В сущности, Себастьяни не оставалось ничего другого, как безучастно наблюдать за действиями русского арьергарда и тянувшимися из Москвы бесчисленными обозами и отставшими русскими солдатами. Во-первых, французский генерал должен был следовать указаниям, пусть и очень неопределенным, по поводу перемирия с русскими; во-вторых, у него просто не было достаточных сил для активных действий; в-третьих, Себастьяни, по-видимому, как и его солдаты, сам поддался расслабляющему действию надежд на долгожданный и столь всеми желаемый мир.

«Тем временем мы подметили, – вспоминал Роос, чей полк оказался «в недалеком расстоянии от города, вправо от дороги, ведущей на Владимир и Казань», – что русским так же, как и нам, мир был желателен, и мы видели, что лошади у них так же истощены, как и у нас, ибо при переправе через канаву многие из лошадей падали, поднявшись потом медленно и с трудом, совсем как это бывало и у нас».

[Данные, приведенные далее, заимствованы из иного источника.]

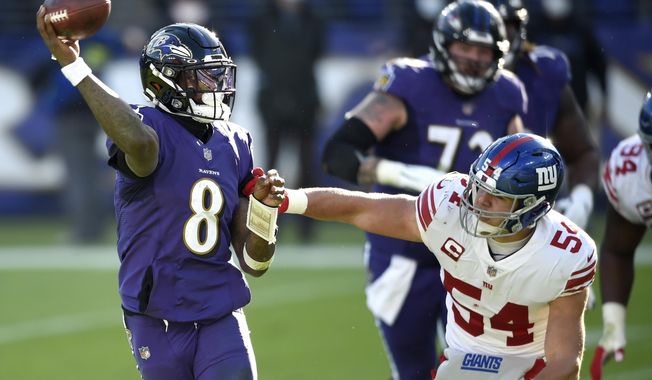 Baltimore Ravens quarterback Lamar Jackson (8) looks to throw a pass as New York Giants inside linebacker Blake Martinez (54) applies pressure during the first half of an NFL football game, Sunday, Dec. 27, 2020, in Baltimore. (AP Photo/Gail Burton)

В сгустившихся сумерках русский арьергард медленно отошел на несколько верст от города и расположился на ночлег. Весь вечер и всю ночь из Москвы через неприятельские пикеты продолжали просачиваться москвичи и отставшие одиночные солдаты. Иногда их задерживали, но чаще пропускали через посты, и они уходили туда, где горели русские лагерные огни.